To start, the concept behind the rule about eating dropped food is solid. The less time food spends on the floor, the fewer bacteria it picks up. Kind of common sense, right?

But the 5-second rule “is a significant oversimplification of what actually happens” regarding bacteria transfer from floor to food, according to a 2016 study published in an American Society for Microbiology journal.

Just consider all the variables. The type of food fumbled is significant, as is the surface the food hits. Time on the floor is only one part of the equation.

So let’s look at these factors.

On the food front, moistness matters —  and it matters a lot. A juicy slice of watermelon basically serves as a bacteria sponge once it hits the ground. Expect it to potentially soak up nastiness such as E. coli and staph infection.

Drop a hard pretzel on the floor, however, and there’s far less reason to worry.

(An interesting side note: People are more willing to eat cookies and candy off the floor than veggies such as cauliflower or broccoli, according to a much-cited research project at the University of Illinois.)

When it comes to floor surfaces, carpet is the safest for a pick-it-up-and-eat move as the fibers hold less bacteria. Tile is riskier. Wood flooring? That’s tougher to nail down given all the different types and finishes.

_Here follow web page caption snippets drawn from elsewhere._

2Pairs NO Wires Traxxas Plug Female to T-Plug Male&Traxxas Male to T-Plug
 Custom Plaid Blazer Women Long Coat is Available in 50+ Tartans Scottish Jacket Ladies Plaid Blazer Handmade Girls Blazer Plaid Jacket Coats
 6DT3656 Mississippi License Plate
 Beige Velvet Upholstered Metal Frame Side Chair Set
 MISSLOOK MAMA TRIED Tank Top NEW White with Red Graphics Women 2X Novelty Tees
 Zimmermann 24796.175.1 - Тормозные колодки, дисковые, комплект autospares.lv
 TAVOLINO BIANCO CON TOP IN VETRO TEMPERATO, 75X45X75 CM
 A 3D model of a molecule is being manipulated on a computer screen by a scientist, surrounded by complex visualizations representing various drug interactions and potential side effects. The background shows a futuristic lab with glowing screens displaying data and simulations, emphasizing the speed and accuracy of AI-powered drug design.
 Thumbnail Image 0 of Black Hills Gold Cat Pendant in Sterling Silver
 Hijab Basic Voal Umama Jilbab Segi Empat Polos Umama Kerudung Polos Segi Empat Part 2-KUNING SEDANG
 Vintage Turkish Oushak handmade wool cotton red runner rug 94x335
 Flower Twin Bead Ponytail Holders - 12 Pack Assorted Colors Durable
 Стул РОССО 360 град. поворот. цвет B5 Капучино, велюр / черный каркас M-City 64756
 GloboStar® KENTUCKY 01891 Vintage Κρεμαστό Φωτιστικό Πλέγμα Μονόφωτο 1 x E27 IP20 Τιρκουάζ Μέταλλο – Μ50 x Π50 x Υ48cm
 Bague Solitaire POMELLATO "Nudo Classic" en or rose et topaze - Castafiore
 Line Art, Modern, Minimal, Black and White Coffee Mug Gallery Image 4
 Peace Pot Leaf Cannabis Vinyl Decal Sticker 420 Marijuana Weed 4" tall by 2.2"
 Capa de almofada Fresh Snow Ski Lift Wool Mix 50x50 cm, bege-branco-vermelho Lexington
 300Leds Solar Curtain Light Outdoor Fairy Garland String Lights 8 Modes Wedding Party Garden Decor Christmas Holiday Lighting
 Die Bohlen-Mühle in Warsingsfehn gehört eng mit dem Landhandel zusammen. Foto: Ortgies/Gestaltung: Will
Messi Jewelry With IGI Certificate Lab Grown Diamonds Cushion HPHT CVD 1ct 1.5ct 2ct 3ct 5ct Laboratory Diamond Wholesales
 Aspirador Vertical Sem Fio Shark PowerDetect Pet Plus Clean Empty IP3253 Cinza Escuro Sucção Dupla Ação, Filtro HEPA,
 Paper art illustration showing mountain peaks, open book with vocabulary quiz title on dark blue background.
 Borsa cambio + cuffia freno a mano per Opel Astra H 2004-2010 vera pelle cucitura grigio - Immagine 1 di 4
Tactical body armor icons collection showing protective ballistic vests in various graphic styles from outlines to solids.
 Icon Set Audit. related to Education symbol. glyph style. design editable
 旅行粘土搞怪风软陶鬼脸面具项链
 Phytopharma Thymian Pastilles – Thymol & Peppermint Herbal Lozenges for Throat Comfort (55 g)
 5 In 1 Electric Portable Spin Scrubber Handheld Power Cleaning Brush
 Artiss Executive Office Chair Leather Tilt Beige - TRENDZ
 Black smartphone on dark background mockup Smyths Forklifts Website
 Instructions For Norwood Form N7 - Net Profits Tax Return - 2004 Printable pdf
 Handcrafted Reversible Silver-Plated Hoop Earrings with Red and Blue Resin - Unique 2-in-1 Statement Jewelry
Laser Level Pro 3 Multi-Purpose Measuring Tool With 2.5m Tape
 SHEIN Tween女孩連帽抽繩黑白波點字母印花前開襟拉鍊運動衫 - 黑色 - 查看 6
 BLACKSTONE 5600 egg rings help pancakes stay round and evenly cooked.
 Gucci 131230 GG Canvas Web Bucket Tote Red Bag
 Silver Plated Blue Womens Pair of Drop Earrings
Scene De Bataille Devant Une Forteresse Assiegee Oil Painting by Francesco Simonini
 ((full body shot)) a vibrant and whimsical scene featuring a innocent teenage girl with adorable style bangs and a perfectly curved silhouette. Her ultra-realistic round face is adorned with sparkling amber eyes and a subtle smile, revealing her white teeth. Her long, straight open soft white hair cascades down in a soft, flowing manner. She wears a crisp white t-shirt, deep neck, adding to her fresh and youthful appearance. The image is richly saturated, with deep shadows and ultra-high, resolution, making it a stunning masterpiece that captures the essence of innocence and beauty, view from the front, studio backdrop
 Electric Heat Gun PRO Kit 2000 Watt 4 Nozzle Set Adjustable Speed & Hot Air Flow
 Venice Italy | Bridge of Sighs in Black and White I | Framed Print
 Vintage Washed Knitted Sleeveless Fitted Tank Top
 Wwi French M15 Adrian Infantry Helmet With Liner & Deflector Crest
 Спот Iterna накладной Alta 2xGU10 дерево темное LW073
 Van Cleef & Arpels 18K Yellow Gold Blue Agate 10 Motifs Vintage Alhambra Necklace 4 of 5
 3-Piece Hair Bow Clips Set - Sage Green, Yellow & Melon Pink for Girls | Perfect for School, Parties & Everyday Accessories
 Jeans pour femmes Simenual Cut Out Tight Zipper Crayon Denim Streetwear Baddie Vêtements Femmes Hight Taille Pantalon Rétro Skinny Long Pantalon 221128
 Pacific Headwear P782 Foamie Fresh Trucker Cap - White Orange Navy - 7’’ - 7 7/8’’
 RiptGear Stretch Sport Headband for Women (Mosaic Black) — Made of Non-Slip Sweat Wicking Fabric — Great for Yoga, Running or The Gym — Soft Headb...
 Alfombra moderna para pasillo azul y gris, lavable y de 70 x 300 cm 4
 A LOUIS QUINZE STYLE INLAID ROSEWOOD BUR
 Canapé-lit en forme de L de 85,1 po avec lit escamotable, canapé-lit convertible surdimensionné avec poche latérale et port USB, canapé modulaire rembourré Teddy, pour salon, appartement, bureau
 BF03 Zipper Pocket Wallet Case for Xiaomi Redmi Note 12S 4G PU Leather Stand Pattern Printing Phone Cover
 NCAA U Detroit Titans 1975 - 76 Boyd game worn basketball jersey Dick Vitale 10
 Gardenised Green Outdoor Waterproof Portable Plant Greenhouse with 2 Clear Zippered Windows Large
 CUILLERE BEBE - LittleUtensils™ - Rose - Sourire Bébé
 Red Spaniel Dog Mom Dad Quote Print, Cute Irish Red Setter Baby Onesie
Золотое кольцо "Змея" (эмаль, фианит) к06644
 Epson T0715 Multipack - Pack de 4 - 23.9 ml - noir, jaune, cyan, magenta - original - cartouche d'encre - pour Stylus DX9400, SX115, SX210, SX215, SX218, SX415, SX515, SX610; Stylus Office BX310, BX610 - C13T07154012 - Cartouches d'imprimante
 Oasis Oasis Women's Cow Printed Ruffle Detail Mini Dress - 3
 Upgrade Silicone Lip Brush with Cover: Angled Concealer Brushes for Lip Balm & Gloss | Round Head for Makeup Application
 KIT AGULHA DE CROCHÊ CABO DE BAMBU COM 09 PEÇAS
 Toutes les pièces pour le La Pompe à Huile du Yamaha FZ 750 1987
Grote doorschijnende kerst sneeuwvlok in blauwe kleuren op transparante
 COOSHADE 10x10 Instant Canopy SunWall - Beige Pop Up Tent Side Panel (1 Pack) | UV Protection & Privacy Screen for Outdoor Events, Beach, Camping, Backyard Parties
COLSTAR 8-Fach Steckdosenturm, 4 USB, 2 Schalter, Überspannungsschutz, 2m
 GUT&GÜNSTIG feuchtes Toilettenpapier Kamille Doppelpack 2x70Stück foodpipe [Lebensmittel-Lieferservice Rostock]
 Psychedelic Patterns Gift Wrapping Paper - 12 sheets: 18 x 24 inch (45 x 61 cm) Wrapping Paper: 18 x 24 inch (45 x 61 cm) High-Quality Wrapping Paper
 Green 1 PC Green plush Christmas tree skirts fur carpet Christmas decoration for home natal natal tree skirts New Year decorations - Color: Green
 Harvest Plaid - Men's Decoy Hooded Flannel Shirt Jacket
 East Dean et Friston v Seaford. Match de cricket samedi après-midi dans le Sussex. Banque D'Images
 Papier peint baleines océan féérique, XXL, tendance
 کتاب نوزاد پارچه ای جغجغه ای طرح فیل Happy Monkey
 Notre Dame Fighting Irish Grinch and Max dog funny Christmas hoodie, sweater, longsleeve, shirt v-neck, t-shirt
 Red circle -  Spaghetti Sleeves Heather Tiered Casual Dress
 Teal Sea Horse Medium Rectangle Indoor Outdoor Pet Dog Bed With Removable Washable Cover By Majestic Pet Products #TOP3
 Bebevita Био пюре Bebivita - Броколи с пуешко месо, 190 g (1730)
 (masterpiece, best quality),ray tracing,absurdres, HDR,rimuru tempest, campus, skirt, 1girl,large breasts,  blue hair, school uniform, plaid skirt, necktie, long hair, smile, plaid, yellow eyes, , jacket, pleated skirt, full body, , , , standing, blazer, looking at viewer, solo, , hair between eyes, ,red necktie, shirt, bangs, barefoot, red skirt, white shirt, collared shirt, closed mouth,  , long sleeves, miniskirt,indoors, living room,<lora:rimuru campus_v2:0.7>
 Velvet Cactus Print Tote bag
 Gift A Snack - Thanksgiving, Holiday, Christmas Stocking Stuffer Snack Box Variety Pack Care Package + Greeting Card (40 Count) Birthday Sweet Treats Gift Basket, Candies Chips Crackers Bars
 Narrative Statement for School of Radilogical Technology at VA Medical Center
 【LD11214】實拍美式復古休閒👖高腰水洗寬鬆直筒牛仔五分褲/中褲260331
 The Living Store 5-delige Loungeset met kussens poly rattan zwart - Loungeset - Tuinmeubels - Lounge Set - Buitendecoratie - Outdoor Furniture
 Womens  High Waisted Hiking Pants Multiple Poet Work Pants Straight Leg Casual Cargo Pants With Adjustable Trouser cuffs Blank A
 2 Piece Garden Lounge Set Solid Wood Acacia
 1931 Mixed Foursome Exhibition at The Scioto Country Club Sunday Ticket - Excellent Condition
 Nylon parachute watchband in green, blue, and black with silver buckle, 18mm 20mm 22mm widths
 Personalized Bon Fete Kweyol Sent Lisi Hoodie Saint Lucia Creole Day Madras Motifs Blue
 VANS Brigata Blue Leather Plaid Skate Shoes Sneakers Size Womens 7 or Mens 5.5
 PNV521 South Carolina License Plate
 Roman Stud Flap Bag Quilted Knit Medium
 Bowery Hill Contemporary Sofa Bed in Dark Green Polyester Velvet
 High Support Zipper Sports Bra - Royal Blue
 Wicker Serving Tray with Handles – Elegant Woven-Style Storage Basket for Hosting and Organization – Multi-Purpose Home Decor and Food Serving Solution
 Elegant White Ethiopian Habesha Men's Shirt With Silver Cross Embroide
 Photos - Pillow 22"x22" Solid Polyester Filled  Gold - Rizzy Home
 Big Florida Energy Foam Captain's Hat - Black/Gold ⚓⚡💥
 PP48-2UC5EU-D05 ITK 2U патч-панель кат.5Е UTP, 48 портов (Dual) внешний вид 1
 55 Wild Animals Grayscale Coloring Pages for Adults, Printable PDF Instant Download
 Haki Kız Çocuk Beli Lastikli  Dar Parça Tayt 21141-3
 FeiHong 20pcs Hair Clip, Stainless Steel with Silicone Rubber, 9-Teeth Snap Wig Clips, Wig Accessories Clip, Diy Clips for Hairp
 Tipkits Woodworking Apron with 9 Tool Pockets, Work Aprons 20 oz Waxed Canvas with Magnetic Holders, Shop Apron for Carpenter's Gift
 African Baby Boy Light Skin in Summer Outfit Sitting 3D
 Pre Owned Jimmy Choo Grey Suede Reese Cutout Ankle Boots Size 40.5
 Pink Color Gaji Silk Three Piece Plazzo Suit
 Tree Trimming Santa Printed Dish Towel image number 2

Consider the location, too. Let’s just say eating something off of your living room carpet seems like a better bet than grazing off of a high-traffic gas station restroom.

Again, common sense.

So back to the 5-second rule and the main question: Should you eat that dropped doughnut or consider it a sacrifice to the god of clumsiness? Researchers come down on both sides of the debate.

Where everyone finds common ground, however, is on the seriousness of foodborne illnesses.

Consider this: An estimated 48 million Americans will get sick from a foodborne disease this year, according to the Centers for Disease Control and Prevention. Nearly 130,000 will be hospitalized. Roughly 3,000 will die.

That’s a stomach-churning reality — and definitely something to think about before nibbling off a floor buffet.